| 研究概要 |
本研究は,VMAlプロトザイムにおける自触的スプライシングの分子機構を解明し,この新規の蛋白質組み継ぎ機構の反応論を一般化することを目的として、以下の諸問題点を明らかにした。
I.正常およびタグつきVDEエンドヌクレアーゼの製造・精製・試験管内スプライシング反応機構の解明(分担研究者・安楽泰宏):下記のポリペプチドの大量精製法を確立し,反応解析を行い,結晶化に成功した(A),WT-VDE;(B),XC-VDE;(C),XA-VDE;(D)XC-VDE-His(x6);(E),MIIYVG-VDE-VMAlC,(A),(C)を対照として,(B)の切断・組み継ぎ反応解析し反応の至適温度,pHを決定した.(D)を精製し,精製された(D)単独で切断組み継ぎが生ずること,(E)を用いて組み継ぎ部位のアミノ酸配列を決定した.上記5種のポリペプチドに加えて,GST-Vmal融合蛋白をプローブとして,スプライシング関与するVDE領域中の機能性アミノ酸種を決定した.

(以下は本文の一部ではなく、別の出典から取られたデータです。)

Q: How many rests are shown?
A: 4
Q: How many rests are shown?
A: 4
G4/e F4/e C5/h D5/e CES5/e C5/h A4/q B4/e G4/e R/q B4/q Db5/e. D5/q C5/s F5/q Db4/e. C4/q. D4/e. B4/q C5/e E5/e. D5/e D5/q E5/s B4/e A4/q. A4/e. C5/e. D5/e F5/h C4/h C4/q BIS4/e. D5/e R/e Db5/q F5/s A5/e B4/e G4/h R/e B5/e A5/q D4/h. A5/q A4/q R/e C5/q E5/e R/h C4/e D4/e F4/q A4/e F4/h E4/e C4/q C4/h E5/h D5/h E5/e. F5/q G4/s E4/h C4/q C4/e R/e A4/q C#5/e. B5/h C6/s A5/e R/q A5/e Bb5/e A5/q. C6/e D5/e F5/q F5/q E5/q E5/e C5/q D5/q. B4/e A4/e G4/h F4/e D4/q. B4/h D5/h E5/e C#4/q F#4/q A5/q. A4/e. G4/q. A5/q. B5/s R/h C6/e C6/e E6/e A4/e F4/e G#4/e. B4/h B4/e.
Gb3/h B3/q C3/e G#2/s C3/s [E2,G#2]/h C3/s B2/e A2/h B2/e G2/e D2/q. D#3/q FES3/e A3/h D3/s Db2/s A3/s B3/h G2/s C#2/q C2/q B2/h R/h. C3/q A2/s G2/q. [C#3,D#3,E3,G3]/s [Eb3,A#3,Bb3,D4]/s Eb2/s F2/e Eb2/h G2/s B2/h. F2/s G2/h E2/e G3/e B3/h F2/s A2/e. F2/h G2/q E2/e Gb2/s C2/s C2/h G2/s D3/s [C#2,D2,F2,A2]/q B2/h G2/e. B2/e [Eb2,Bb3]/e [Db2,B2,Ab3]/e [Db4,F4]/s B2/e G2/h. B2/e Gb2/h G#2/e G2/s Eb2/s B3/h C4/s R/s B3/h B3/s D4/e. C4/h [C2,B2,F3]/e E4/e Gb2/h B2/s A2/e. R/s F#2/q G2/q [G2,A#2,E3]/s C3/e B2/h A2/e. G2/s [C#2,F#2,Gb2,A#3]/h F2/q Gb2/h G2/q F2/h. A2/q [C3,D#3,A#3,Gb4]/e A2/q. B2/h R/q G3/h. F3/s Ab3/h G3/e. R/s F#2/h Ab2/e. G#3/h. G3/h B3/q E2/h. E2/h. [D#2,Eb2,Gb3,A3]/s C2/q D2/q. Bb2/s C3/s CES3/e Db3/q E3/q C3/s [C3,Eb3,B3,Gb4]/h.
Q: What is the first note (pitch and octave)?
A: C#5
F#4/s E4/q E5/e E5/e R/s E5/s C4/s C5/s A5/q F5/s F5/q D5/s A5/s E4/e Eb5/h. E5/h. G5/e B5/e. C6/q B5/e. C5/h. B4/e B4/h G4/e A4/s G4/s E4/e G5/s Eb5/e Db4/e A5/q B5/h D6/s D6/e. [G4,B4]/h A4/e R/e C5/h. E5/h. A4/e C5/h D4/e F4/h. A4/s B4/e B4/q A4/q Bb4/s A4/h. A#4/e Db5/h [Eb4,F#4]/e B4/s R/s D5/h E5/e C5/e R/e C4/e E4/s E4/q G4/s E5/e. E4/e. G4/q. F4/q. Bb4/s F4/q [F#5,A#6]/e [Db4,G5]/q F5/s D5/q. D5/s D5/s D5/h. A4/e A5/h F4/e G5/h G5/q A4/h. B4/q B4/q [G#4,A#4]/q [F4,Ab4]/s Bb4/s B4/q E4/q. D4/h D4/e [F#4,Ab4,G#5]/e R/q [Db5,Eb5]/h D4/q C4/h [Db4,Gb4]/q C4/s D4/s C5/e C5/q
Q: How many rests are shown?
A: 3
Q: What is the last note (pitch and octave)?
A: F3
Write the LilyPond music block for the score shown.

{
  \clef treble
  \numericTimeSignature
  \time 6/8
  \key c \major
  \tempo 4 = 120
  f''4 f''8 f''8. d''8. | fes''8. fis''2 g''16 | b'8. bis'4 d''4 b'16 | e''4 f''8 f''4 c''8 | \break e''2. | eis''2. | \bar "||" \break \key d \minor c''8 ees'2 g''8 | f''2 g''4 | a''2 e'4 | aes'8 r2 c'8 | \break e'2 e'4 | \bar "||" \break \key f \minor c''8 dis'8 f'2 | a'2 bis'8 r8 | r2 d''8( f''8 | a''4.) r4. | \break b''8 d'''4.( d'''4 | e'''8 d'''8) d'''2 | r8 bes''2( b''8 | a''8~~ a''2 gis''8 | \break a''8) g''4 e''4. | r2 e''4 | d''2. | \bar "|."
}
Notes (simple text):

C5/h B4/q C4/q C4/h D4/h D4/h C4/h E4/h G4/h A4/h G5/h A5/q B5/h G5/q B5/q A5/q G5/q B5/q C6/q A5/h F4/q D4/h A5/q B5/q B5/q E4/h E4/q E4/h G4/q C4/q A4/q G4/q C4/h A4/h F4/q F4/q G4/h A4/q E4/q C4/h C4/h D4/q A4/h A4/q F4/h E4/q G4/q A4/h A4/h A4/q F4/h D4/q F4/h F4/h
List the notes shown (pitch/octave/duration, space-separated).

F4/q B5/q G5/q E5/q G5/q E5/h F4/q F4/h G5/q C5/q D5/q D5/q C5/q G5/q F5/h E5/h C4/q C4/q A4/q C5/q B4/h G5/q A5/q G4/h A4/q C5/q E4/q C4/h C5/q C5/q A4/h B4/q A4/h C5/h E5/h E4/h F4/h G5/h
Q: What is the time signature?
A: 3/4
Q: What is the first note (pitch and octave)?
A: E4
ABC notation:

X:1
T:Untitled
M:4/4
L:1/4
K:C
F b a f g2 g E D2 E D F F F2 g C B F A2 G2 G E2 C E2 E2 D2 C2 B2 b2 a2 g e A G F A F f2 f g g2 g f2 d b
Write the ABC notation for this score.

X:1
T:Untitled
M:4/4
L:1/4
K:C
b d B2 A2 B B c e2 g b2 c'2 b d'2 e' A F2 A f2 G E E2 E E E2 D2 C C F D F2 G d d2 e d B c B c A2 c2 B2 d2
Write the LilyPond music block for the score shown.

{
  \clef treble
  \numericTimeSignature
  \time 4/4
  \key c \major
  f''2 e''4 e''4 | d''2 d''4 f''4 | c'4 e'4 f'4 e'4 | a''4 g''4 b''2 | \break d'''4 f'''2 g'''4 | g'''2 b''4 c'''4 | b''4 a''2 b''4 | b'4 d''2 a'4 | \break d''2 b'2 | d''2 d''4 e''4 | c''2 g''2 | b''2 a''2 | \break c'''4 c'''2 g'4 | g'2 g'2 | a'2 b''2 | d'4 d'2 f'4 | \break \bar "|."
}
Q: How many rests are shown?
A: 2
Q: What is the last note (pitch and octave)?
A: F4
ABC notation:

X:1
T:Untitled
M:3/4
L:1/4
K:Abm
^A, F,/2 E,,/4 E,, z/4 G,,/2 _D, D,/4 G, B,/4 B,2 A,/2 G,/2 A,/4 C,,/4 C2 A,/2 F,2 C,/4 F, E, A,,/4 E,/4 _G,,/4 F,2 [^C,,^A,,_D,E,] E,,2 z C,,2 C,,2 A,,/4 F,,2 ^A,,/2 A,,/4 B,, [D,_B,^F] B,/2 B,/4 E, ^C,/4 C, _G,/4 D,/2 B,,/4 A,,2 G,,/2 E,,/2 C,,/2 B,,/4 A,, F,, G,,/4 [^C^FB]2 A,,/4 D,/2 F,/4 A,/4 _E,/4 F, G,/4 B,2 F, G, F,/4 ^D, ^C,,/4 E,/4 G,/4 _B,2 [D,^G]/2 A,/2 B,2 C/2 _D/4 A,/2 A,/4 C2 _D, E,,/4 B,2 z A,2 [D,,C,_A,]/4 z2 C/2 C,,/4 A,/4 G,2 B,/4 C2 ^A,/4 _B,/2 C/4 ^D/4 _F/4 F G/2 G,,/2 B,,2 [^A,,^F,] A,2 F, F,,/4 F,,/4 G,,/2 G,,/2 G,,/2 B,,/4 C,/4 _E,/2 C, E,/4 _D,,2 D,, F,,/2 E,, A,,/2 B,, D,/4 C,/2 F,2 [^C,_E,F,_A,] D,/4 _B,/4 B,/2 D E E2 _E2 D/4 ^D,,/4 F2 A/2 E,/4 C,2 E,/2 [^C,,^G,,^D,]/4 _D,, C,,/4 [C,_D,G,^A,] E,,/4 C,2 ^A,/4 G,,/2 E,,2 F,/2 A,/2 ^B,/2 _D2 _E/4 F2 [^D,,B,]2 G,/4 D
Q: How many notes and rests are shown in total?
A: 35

II.分子遺伝学による平行β鎖構造の機能とスプライシング活性との相関(分担研究者:大矢禎一):スプライシングの反応部位の近傍に位置し、平行β鎖構造を形成するのに重要と考えられる疎水性アミノ酸クラスター領域に着目し,反応に必要不可欠な一次構造上の配列を分子遺伝学的に探査した.即ち、第一切断点(Gly283-Cys284)の外側の領域IIY(279-281)および第二切断点(Asn737-Cys738)の内側の領域VVV(733-735)をランダムな配列に置き換え,スプライシング可能な配列、不可能な配列を酵母の表現型を指標にして選択した.最終的なスプライシング活性の評価は、V-ATPase触媒サブユニットおよびVDEエンドヌクレアーゼ特異的な抗体を用いて、酵母細胞を用いる解析系で行った.この結果,遺伝学的にみて,組み継ぎ反応の開始・進行には平行β鎖の形成が必要であることが判明した.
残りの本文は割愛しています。